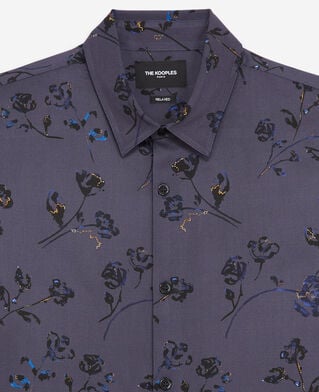 The Kooples H BLUE BLACK flowing printed shirt gray floral print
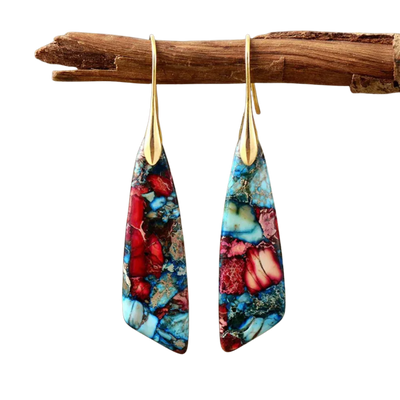 עגילי אבנים צבעוניים רטרו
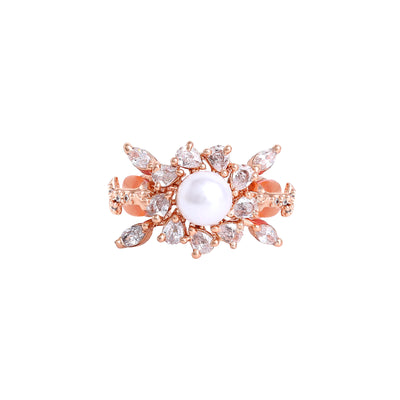 Estele Rosegold Plated Dazzling Mint Orange Beads Adorned Adjustable Varya Finger Ring for Women|A Touch of Elegance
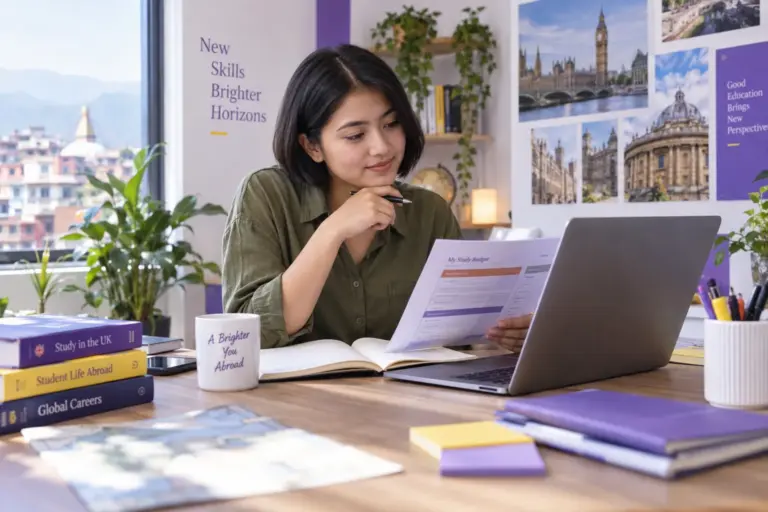 Young Nepali woman with a short bob comparing a personal study budget worksheet and university tuition information on a laptop for UK study planning.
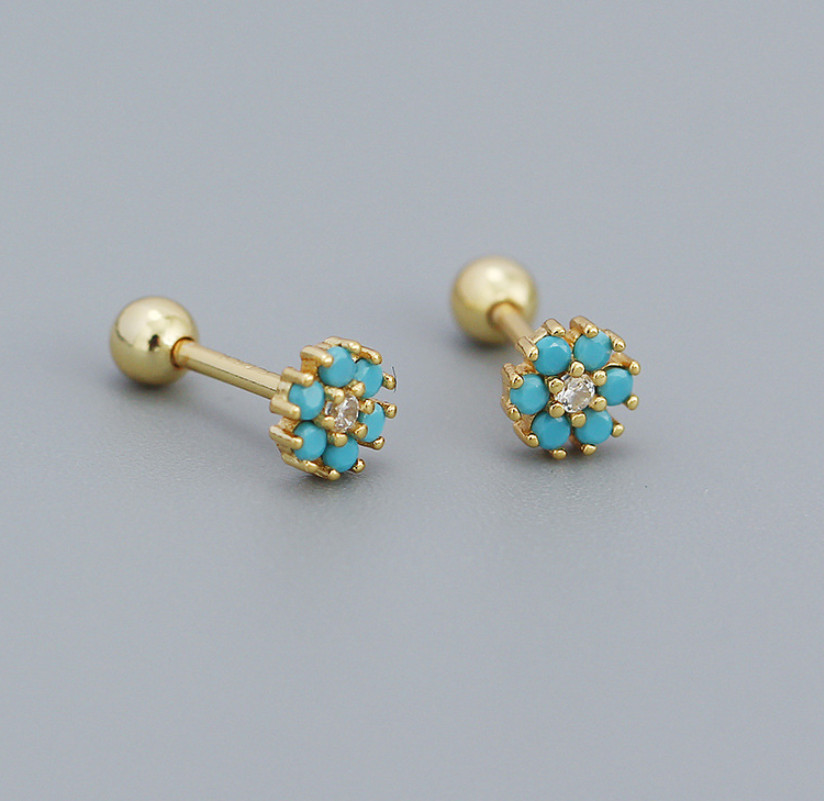 925 Sterling Silver Tiny Flower Turquoise CZ Screw Back Stud Earrings 5mm K36A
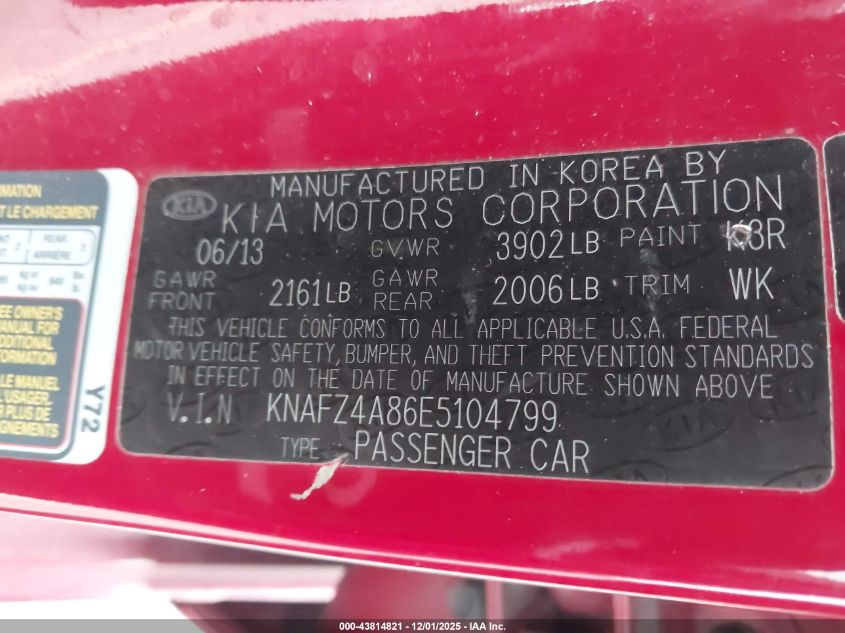 2014 Kia Forte Ex VIN: KNAFZ4A86E5104799 Lot: 43814821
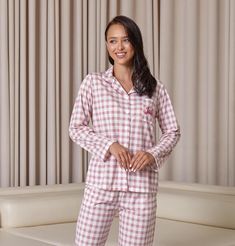 Personalized Tartan PJs - Customized Cotton Lounge Set, Custom Plaid Cotton Pajamas, Personalized Sleepwear, Winter Cozy Pjs, Pink Pajamas   Add a touch of cozy charm to your bedtime routine with these Personalized Plaid Cotton pajamas! Made from soft and breathable cotton fabric, these pajamas feature a classic plaid pattern that is perfect for lounging around the house or getting a good night's sleep. Personalize them with your initials or name for a special touch. Treat yourself to comfort an Gingham Long Sleeve Sleepwear For Loungewear, Long Sleeve Gingham Sleepwear For Loungewear, Plaid Cotton Sleepover Sets, Plaid Cotton Sets For Sleepover, Plaid Cotton Sleep Sets, Plaid Long Sleeve Pajama Set For Party, Plaid Cotton Sleepwear For Home, Plaid Cotton Sleepwear Sets, Cotton Plaid Sleepwear For Home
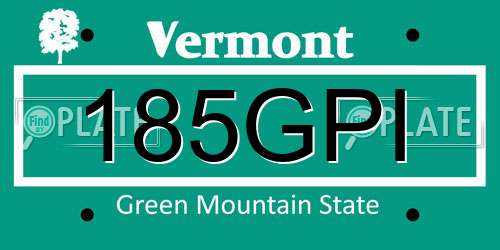 185GPI Vermont License Plate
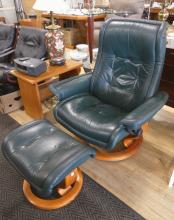 STRESSLESS LEATHER RECLINER AND FOOTSTOOL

=== What the task asks ===
What do the entries above read from the line containing "925 Sterling Silver" through the line containing "2014 Kia Forte"? Output those lines exactly, both ends included, with the pictures left out.

=== Solution to the exercise ===
 925 Sterling Silver Tiny Flower Turquoise CZ Screw Back Stud Earrings 5mm K36A
 2014 Kia Forte Ex VIN: KNAFZ4A86E5104799 Lot: 43814821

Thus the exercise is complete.